Mais le modèle reste figé ; focalisée sur le disque, la pratique se fonde sur le prêt à domicile. Les salles d’animation et autres auditoriums, souvent présents dans les projets, ont disparu alors que l’offre devrait s’orienter vers l’animation et la diversification des collections.

L’usage du support disque connaît quant à lui une évolution qui peut inquiéter.  Au fil de l’évolution technologique et de l’installation massive d’Internet haut débit, la copie s’est amplifiée et est devenue parfaite. D’où aggravation de la crise, fragilisation, marginalisation de l’objet éditorial alors même que le disque reste un support standardisé, peu cher à fabriquer et que le public aime à collectionner.

À l’avenir les bibliothèques-discothèques traverseront cette crise par un rôle de conservation et de découverte ; une offre culturelle plus riche et différenciée que l’offre courante sera présentée grâce à la numérisation des différents supports. Les expériences de Dastum en Bretagne et de la Bibliothèque municipale à vocation régionale (BMVR) de Troyes témoignent de l’importance de leur rôle de diffusion. Enfin, les bibliothèques « lieux du lien » chères à Michel Melot sont appelées à redevenir des lieux culturels alliant espaces, collections et animations. Elles sortent donc du modèle discothèque publique pour un nouveau modèle fondé, non plus sur le support mais sur le contenu.

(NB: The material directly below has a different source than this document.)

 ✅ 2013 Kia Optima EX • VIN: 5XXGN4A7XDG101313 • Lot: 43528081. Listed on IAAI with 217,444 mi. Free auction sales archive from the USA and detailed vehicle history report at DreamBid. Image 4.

Jean Larrieu, professeur de droit à l’université de Toulouse I, a su rendre proche la matière juridique du droit d’auteur. Dans un contexte de plus en plus dense, droits patrimoniaux comme droits moraux s’affirment avec force. On ne peut reproduire une œuvre, fut-elle numérique, sans entrer dans le cadre du droit patrimonial. Modifier une œuvre même si l’on en est propriétaire reste limité par le droit moral. La loi Dadvsi (loi relative au droit d’auteur et aux droits voisins dans la société de l’information) 2 doit confirmer certaines exceptions au droit d’auteur, comme la reproduction en bibliothèque, mais pas la représentation : cela exclut toute possibilité de diffusion de l’œuvre sur Internet. Pour les œuvres dites libres, s’il n’y a pas d’écrit d’appartenance, à Creative Commons par exemple, les bibliothèques n’ont pas la preuve de la volonté des auteurs ou des interprètes à céder leur droit. En droit, tout ce qui n’est pas expressément cédé reste à l’auteur.

Outre les exposés, une table ronde a rassemblé des intervenants très complémentaires. Dominique Lahary a imprégné son auditoire d’une vision résolument progressiste par des touches tour à tour historiques, économiques ou philosophiques. André Nicolas a évoqué les analyses des mutations de la filière musicale – production, diffusion, consommation – réalisées par l’Observatoire de la musique 3.

Louis Burle, conservateur à la BMVR de Troyes, a présenté une expérience tout à fait novatrice de diffusion musicale dans le cadre d’une plateforme multimédia 4 liée aux services en ligne de la BMVR 5.

Nicolas Bordes, de la médiathèque associative Les Musicophages 6 de Toulouse a présenté le rôle de médiation musicale assuré par sa structure tout à la fois (mais sans confusion) : discothèque, fanzinothèque, centre culturel rock, ECM (espace culture multimédia), organisateur de soirées thématiques et tremplin pour les musiciens locaux.

Au final une journée extrêmement riche dont le titre est apparu faible au regard des thématiques abordées.